[[ Data for the task, beginning ]]

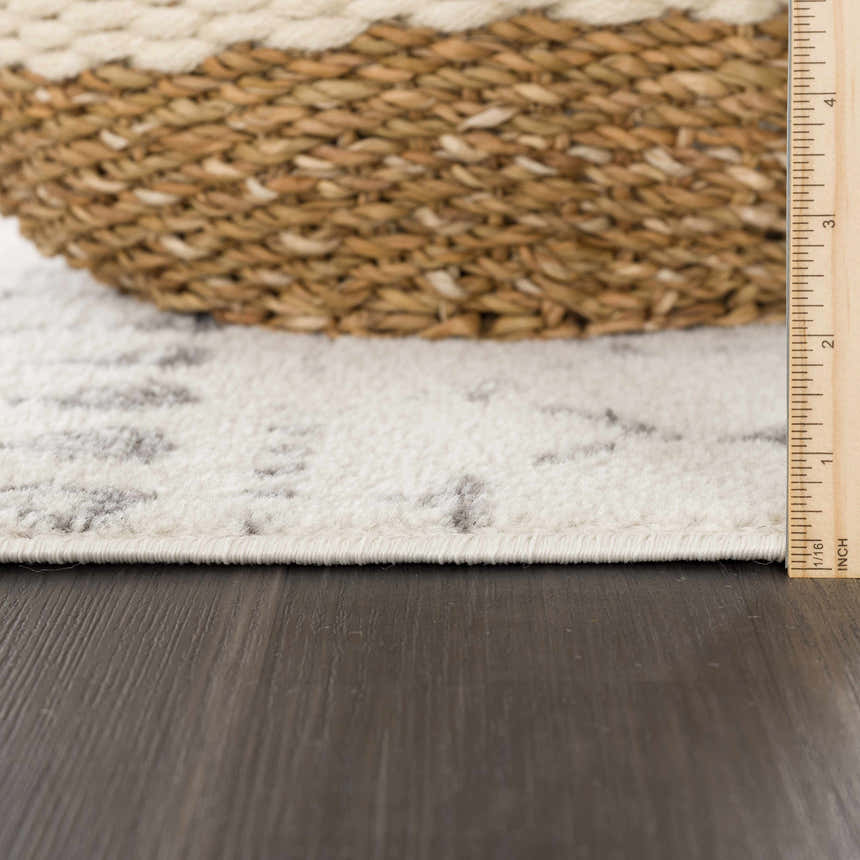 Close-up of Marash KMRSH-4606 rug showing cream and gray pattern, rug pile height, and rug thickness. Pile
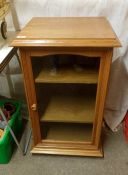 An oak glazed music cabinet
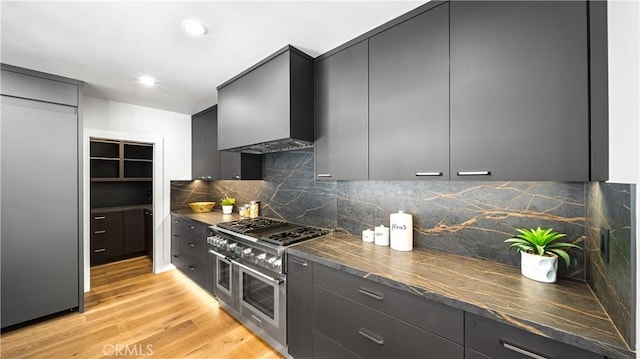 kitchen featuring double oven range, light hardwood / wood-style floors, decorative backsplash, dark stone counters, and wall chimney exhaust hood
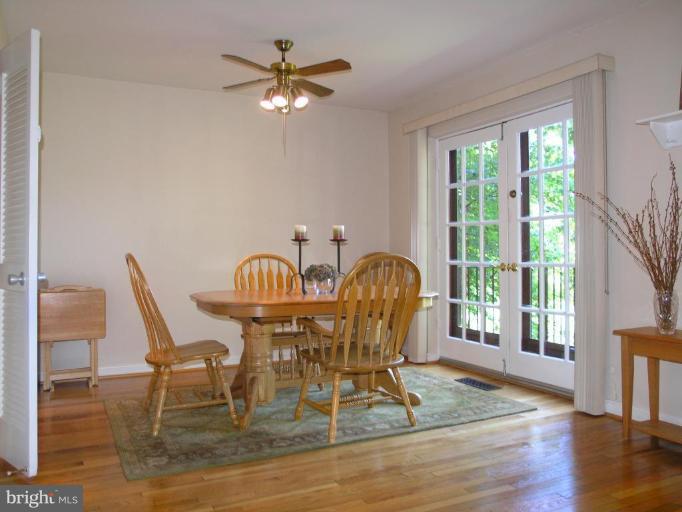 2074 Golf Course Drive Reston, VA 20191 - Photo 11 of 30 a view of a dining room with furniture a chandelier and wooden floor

[[ Data for the task, end ]]
[[ Data for the task, beginning ]]

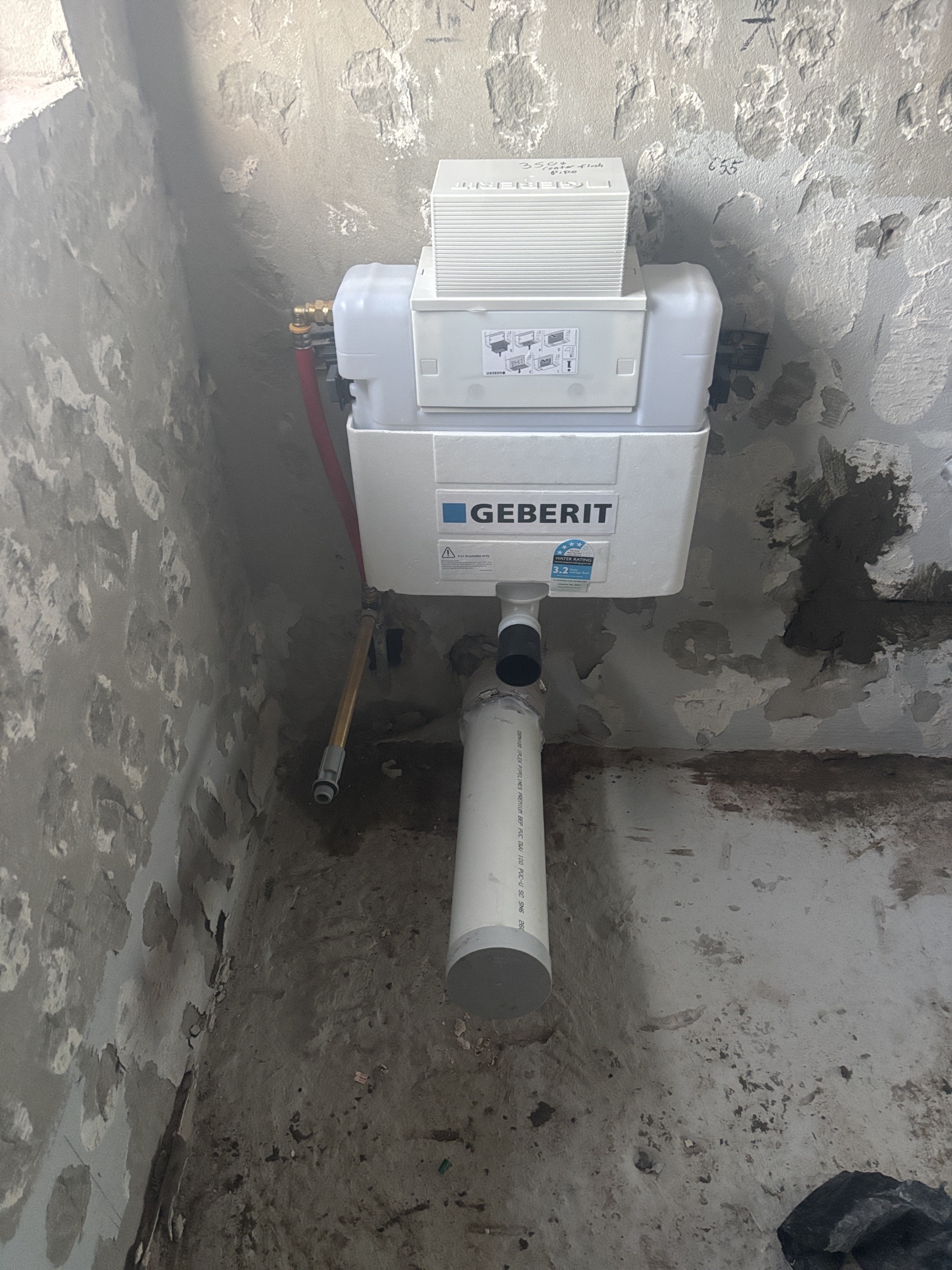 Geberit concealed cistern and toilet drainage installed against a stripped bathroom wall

[[ Data for the task, end ]]

**What you should do:** When you reach the line with "kitchen featuring double" in the records above, start writing out each line exactly, and stop after the line with "2074 Golf Course". Pictures stay out.

**Your solution:**
 kitchen featuring double oven range, light hardwood / wood-style floors, decorative backsplash, dark stone counters, and wall chimney exhaust hood
 2074 Golf Course Drive Reston, VA 20191 - Photo 11 of 30 a view of a dining room with furniture a chandelier and wooden floor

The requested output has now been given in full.